The TV-interview: own your message

Media relations Training and Coaching

Stay in control of your own message. That is by far my most important advice when you get the chance to tell your story in front of a camera. Prepare up to three key messages and repeat them throughout the interview. This is the only way to stay in control of your story. And thus it will be clear to the journalist which accents you want to set. Apart from that: stay yourself and tell your story as if you were telling it to your neighbour.

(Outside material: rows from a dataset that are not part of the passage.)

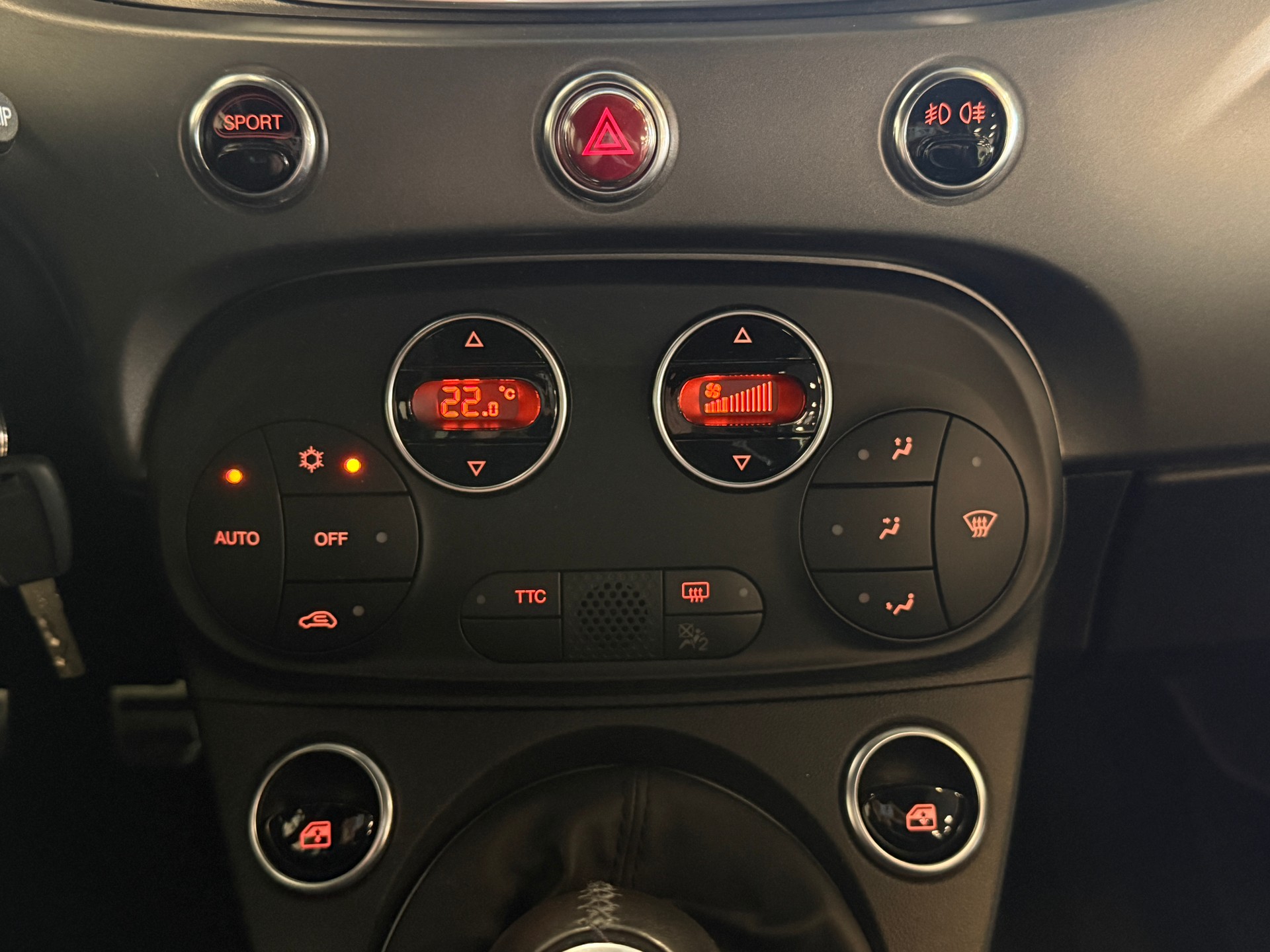 FIAT 595 1.4 16V Turbo Abarth Pista-image-9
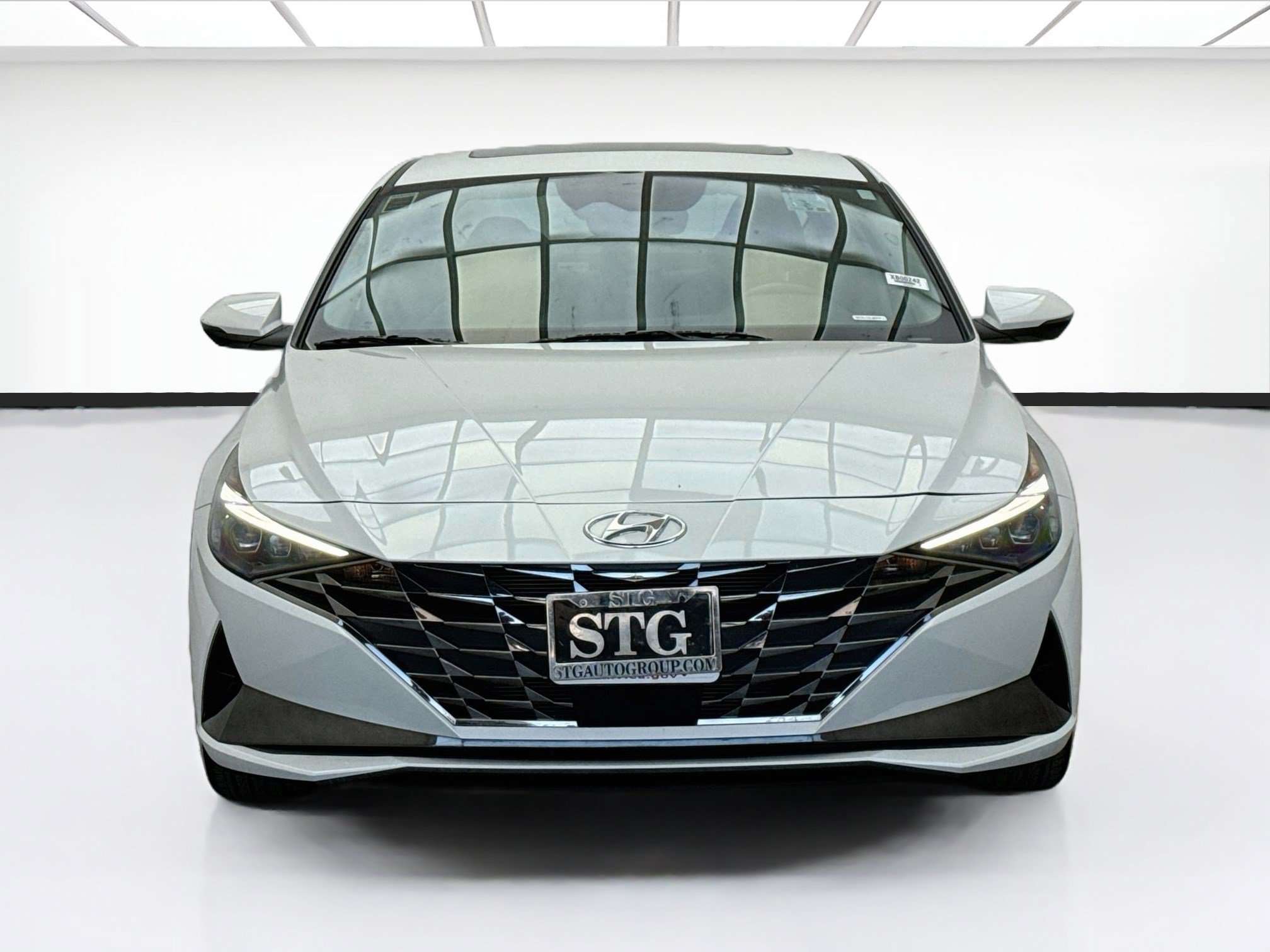 Used 2021 Hyundai Elantra Limited FWD image 2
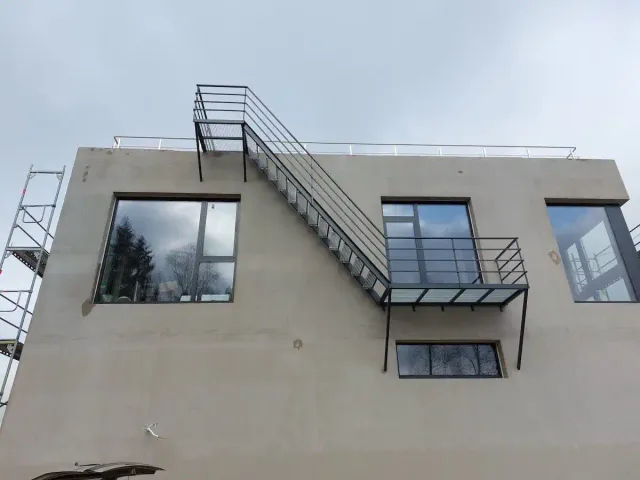 metaliniai lauko laiptai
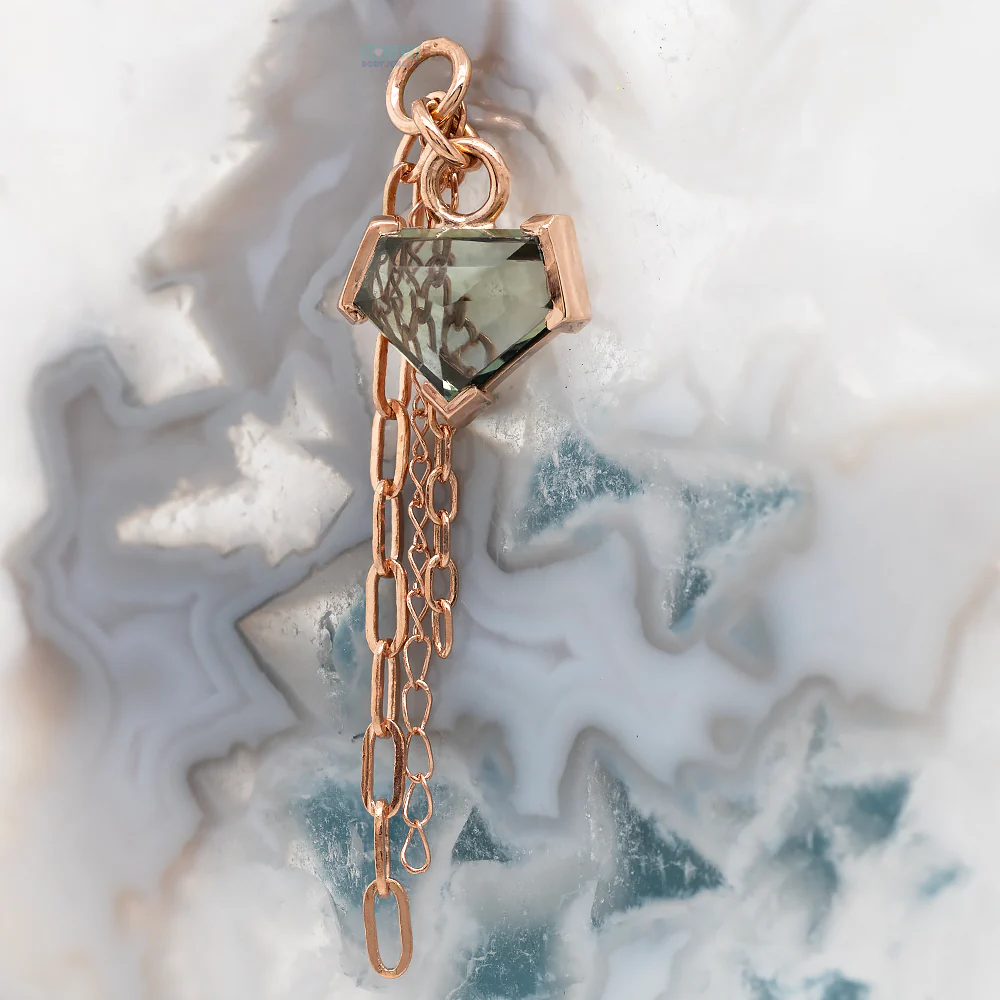 Geometric Cut Madagascar Sapphire Chain Charm in Gold - 7.4mm - Image 2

Those who get the chance to tell the story of their project or company in front of a TV camera are usually overwhelmed by nerves. TV still has something magical and at the same time has a big impact because it reaches a wide audience. But the moment you stand in front of the camera, you don’t see your audience. And you have no control over the end result, because the journalist chooses which quotes or parts of the interview he will use afterwards. A loss of control, then.

Three key messages

In order to stay in charge of your story, it is best to prepare a maximum of three key messages in advance. These are the most important statements you will certainly want to make about your story. Answer as many of the journalist’s questions as possible with these key messages. Do not answer next to the question, but always take a small turn to get back to your own key messages. This is how you determine the accents of your story, and not the interviewer.

Short quotes

Make short, powerful statements, each lasting about 20 seconds. This is how long the viewer’s span of attention lasts, after which he or she will want to hear or see something else. If you do give longer answers, the journalist will shorten your quotes to 20 seconds. Shortening means cutting away information, and thus… a loss of control over your own communication.

Talk a teen’s talk

TV usually reaches a wide audience, people from all walks of life, of all ages and backgrounds. Therefore: adapt your language accordingly. Use words that everyone understands, regardless of their prior knowledge of the subject. In concrete terms, this means using a vocabulary which teenagers age 14 also understand: no jargon, no difficult or rigid words, no abbreviations, or terms in a different language. Just keep it perfectly clear.

Stay yourself

And finally: stay yourself. Don’t pretend to be anything else than what you are in normal life. Tell your story as if you were telling it to your neighbour, from the gut, with enthusiasm, and in plain common language. Don’t put on clothes you don’t normally wear. Never look into the camera, but always at the journalist, who is standing right next to the lens. Keep your arms in front of your body and use your hands when talking. Just like you do in normal life. Being authentic is the key.